Aber wenn sein Zweifel an der Vorsehung Ketzerei war, so nicht die Erkenntnis von der Vergeblichkeit der eigenen Bemühung. Da war er am Pult gestanden und hatte gekritzelt und geschmiert den Tag hindurch, auch viele Nächte hindurch, und hatte den Finger Gottes aufzeigen wollen in Ereignissen, deren Sinn nun einmal unergründlich blieb. Da hatte er sich vermessen, die großen Toten der Halbinsel neu zu beleben: den heiligen Ildefonso und den heiligen Julian, die Könige der Goten und die Kalifen der Moslems und die asturischen und kastilischen Grafen und den Kaiser Alfonso und den Cid Compeador. Er hatte sich eingebildet, er sei ein zweiter Prophet Ezechiel, auserwählt, diese Toten zu beschwören, daß sie aufstünden: »Ich will euch Adern geben und Fleisch über euch wachsen lassen und euch mit Haut überziehen und euch Odem einhauchen, daß ihr wieder lebendig werdet.« Aber die Gebeine, die er beschwor, hatten sich nicht wieder zusammengefügt. Sie lebten nicht, die Menschen seiner Chronik; was sie vollführten, war ein klappernder Tanz angestrichener Gerippe.
»Du sollst den Blinden nicht irreführen«, mahnte die Schrift. Genau das hatte er getan. Seine Chronik führte die Blinden noch tiefer ins Dunkle.

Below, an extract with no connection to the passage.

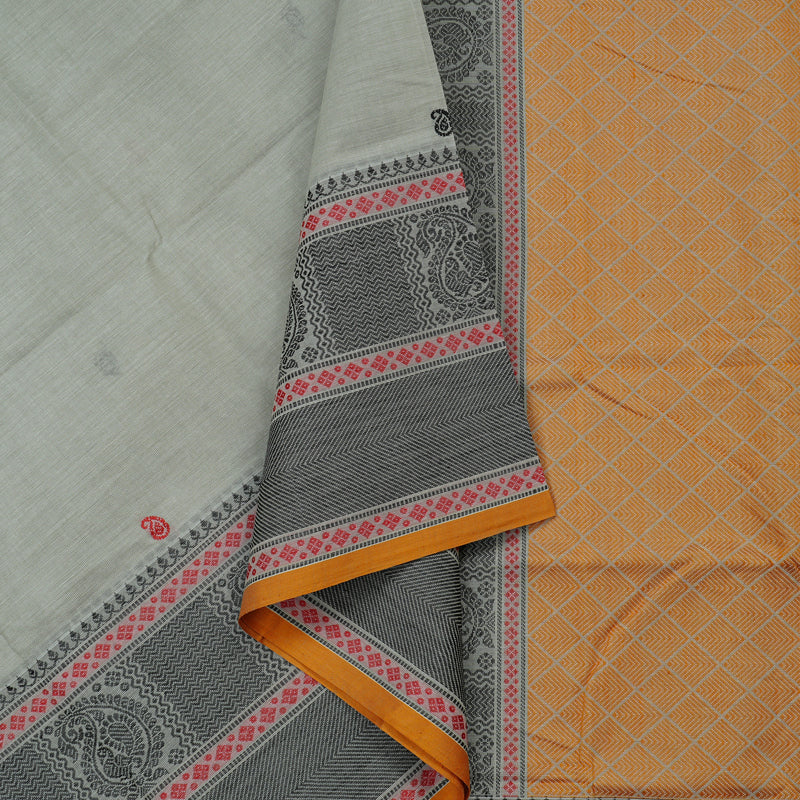 Hayagrivas Handloom Gray Cotton Saree With Mustard Edging KBE99D6-1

Ächzend stand er auf. Holte Scheiter zusammen, häufte sie an der Feuerstätte, zündete sie an. Suchte zusammen die zahllosen Blätter seiner Chronik und seiner Aufzeichnungen. Warf sie ins Feuer, schweigend, mit sehr schmalen Lippen. Sah zu, wie sie verbrannten, Blatt um Blatt. Stocherte in den verkohlenden Pergamenten und Papieren, bis sie Asche waren, die niemand mehr lesen konnte. Bertran de Born, da ihm seine Verwundung die weitere Teilnahme am Krieg verbot, begehrte fort aus Toledo in seine Heimat. Er wollte seine letzten Jahre als Mönch verbringen, im Kloster Dalon.